Exactly and only the lines from the one with "House in Vista De Palma, Humacao" through the last line of the records need to be set down; please skip the pictures.

--- START ---

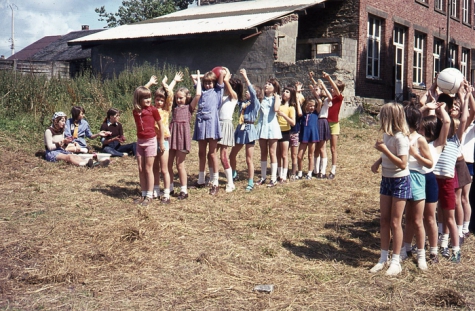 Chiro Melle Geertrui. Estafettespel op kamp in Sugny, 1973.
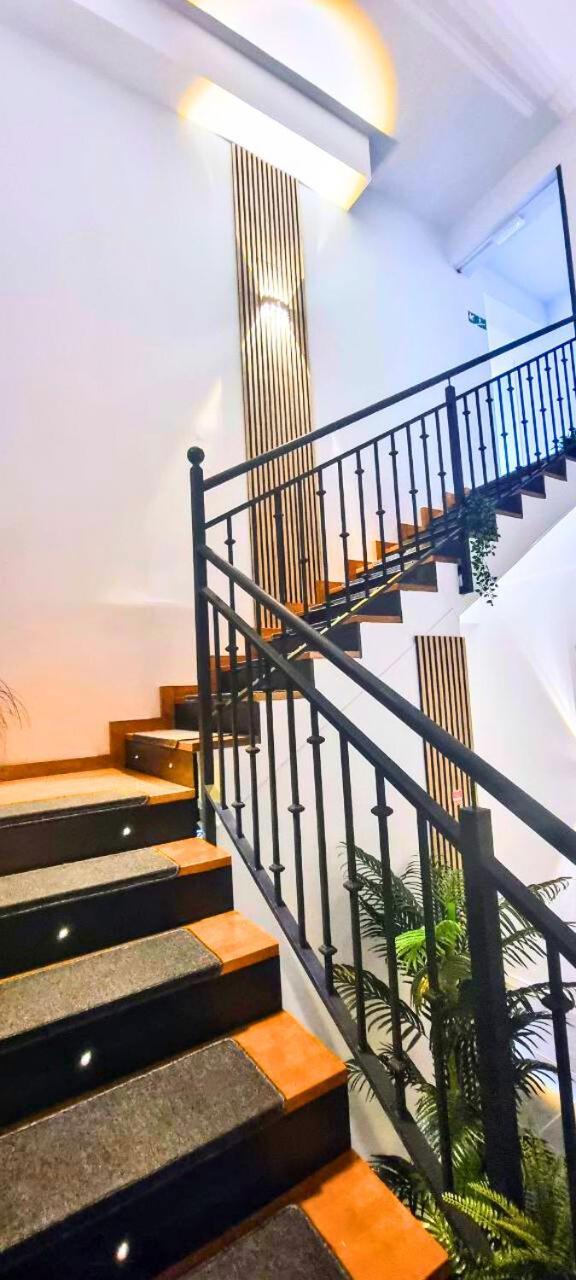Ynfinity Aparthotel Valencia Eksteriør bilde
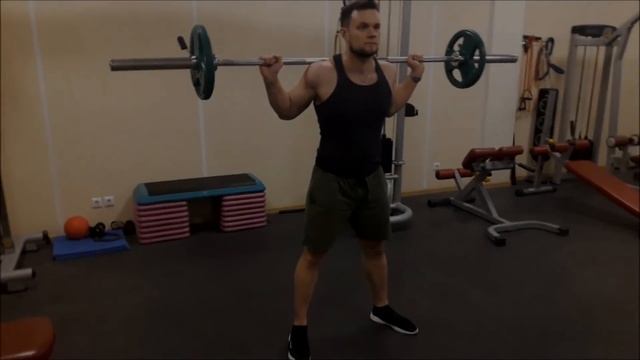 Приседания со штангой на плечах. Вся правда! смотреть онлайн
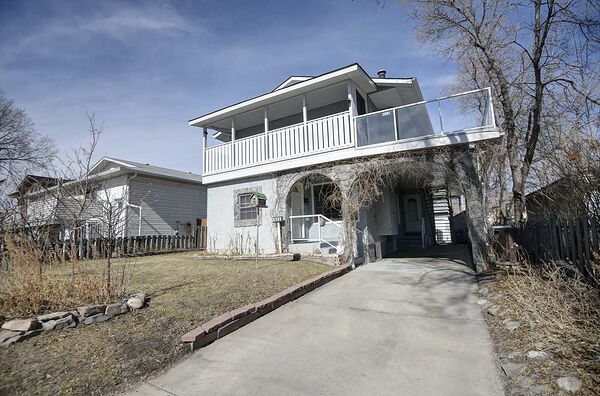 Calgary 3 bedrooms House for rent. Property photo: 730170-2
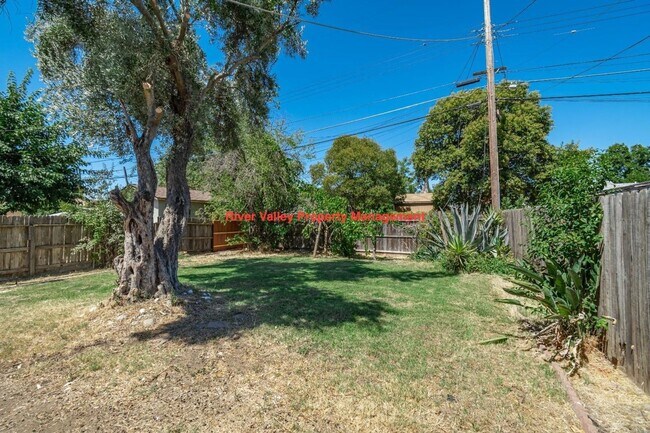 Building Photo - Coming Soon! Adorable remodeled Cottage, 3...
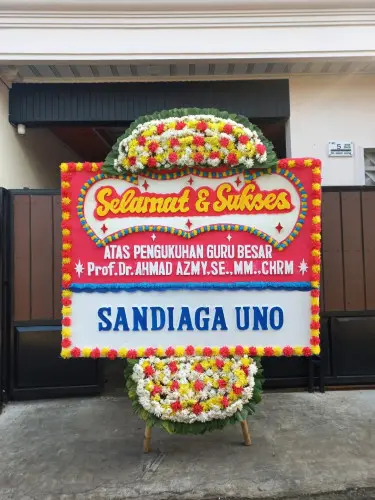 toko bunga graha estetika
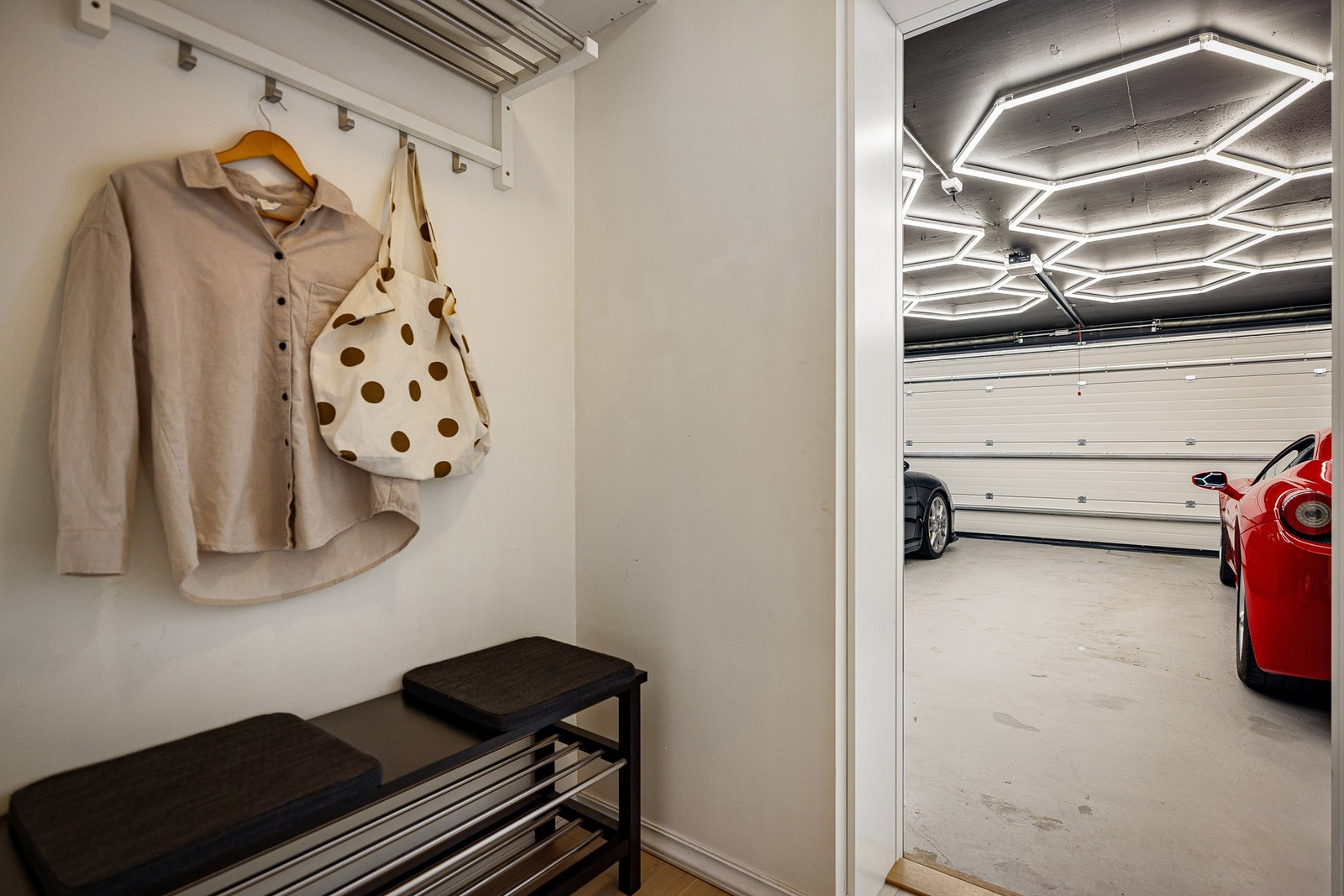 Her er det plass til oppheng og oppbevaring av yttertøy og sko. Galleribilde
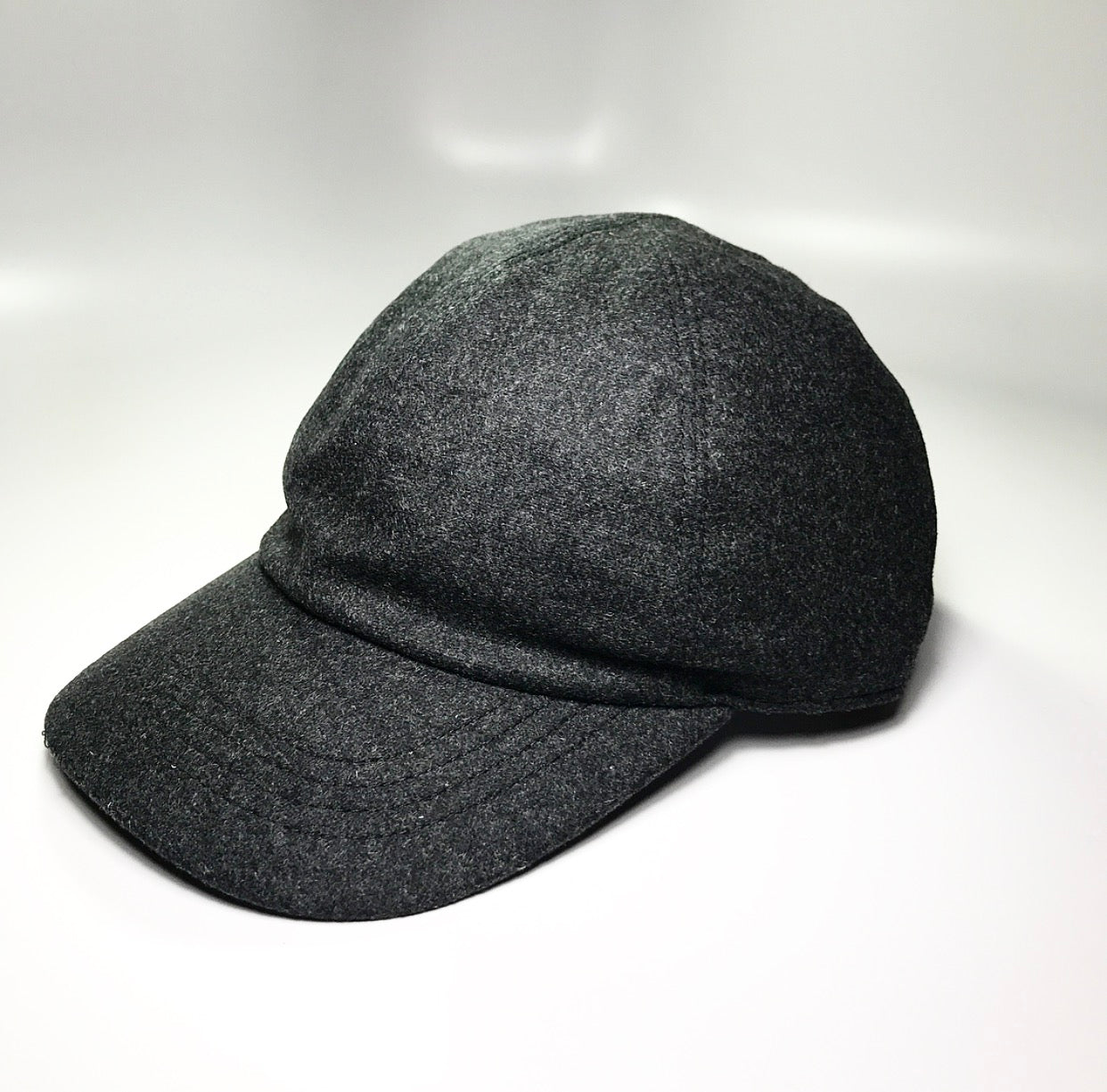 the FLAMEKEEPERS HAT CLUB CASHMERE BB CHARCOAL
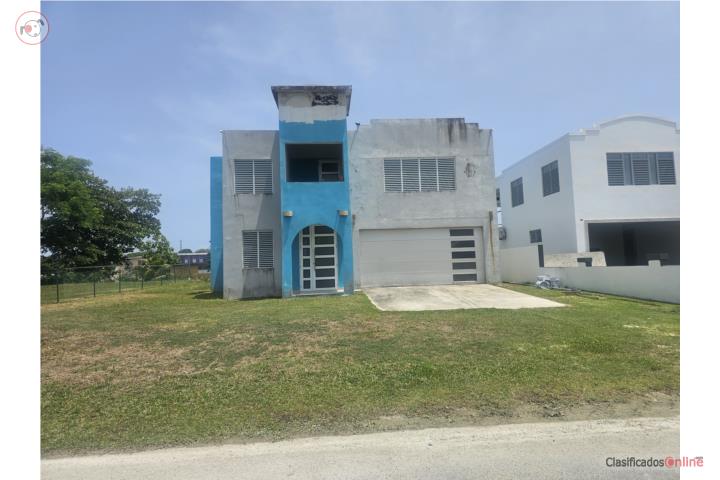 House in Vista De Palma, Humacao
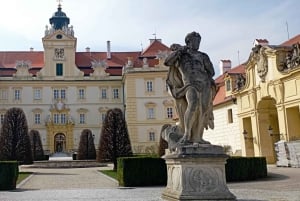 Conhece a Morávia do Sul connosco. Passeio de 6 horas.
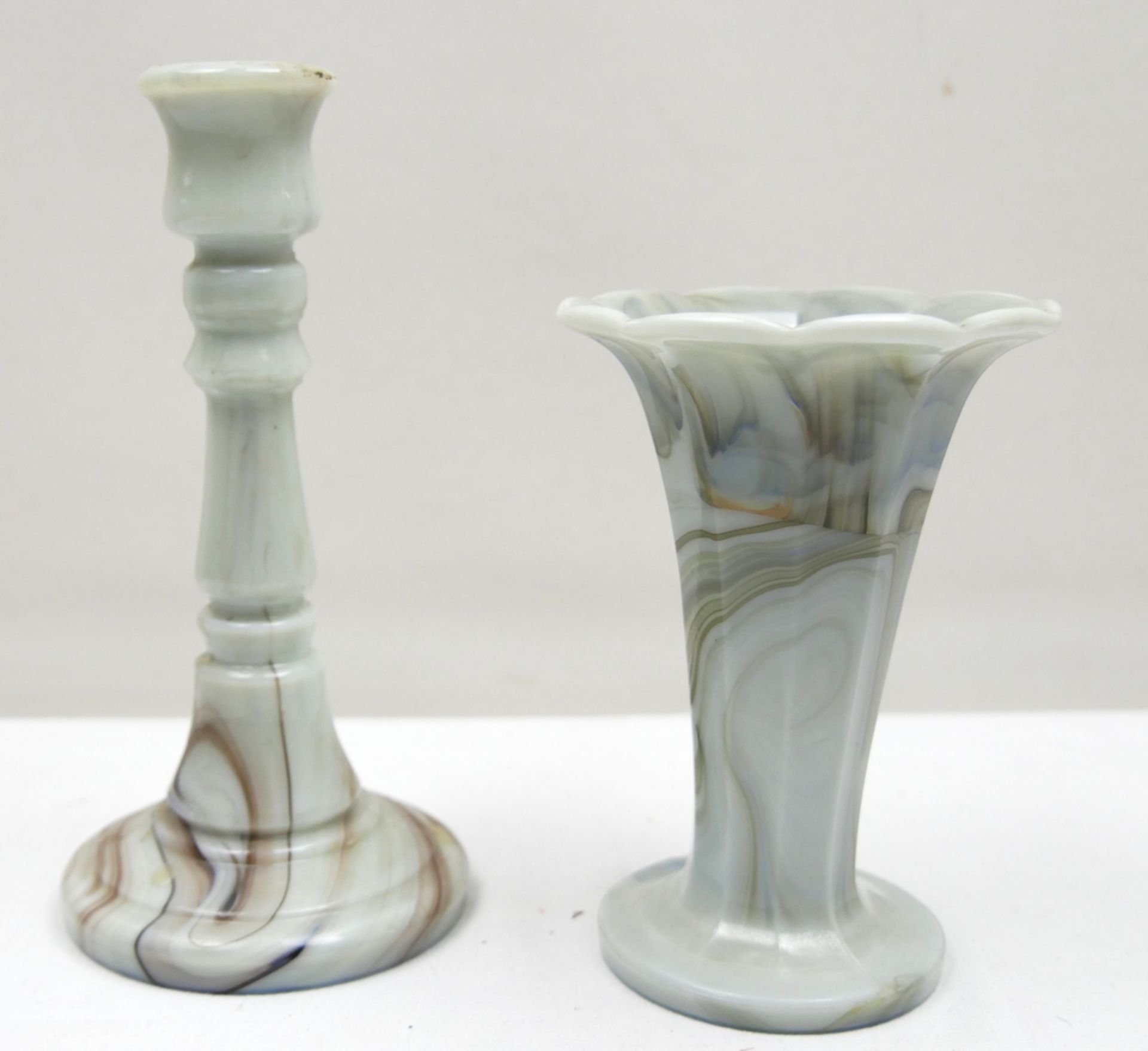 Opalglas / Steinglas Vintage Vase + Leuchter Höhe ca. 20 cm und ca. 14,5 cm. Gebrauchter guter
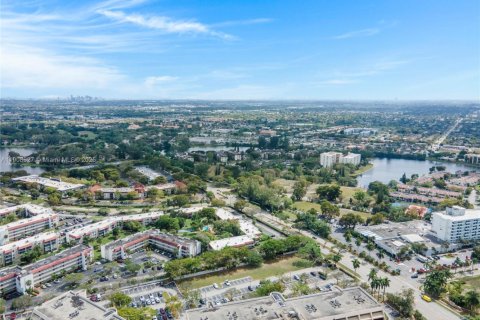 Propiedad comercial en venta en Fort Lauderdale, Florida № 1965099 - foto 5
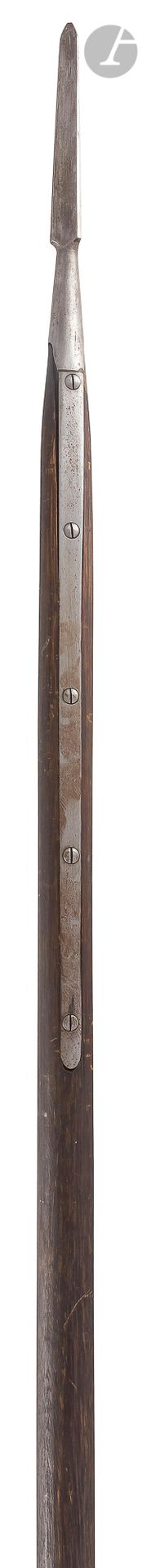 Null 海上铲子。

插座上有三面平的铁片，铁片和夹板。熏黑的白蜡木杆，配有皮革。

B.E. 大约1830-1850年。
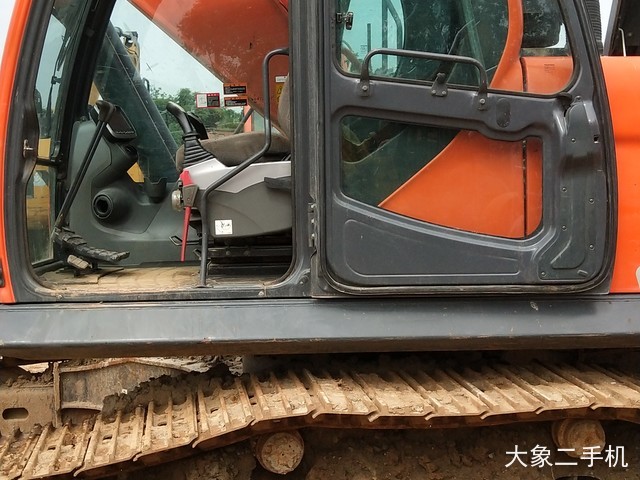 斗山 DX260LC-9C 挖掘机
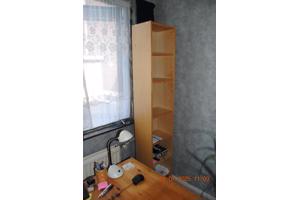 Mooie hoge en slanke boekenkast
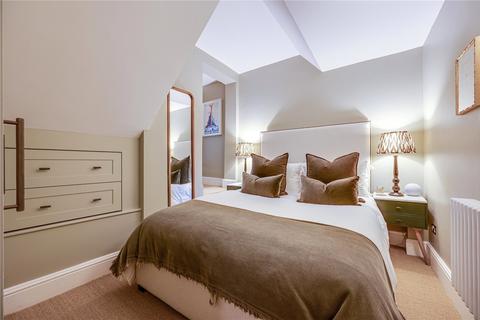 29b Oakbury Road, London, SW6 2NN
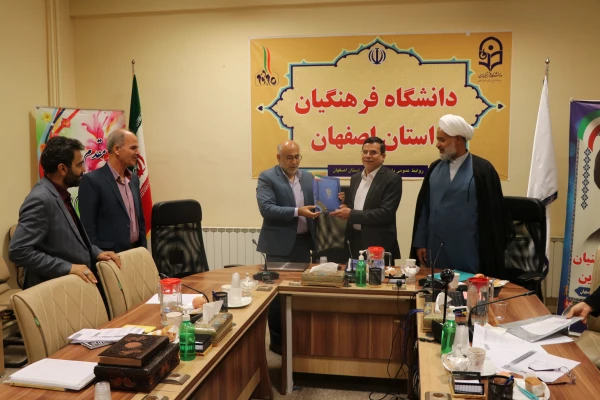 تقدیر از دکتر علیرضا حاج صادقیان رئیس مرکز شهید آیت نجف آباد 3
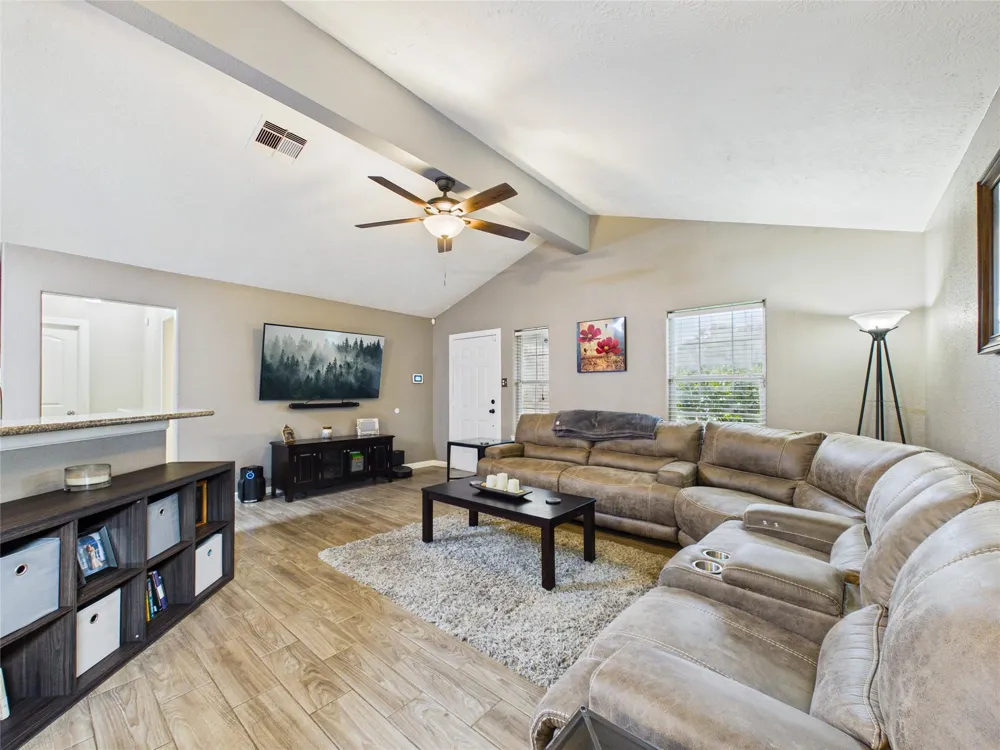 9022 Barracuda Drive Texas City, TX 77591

--- END ---

__Result below__
 House in Vista De Palma, Humacao
 Conhece a Morávia do Sul connosco. Passeio de 6 horas.
 Opalglas / Steinglas Vintage Vase + Leuchter Höhe ca. 20 cm und ca. 14,5 cm. Gebrauchter guter
 Propiedad comercial en venta en Fort Lauderdale, Florida № 1965099 - foto 5
 Null 海上铲子。

插座上有三面平的铁片，铁片和夹板。熏黑的白蜡木杆，配有皮革。

B.E. 大约1830-1850年。
 斗山 DX260LC-9C 挖掘机
 Mooie hoge en slanke boekenkast
 29b Oakbury Road, London, SW6 2NN
 تقدیر از دکتر علیرضا حاج صادقیان رئیس مرکز شهید آیت نجف آباد 3
 9022 Barracuda Drive Texas City, TX 77591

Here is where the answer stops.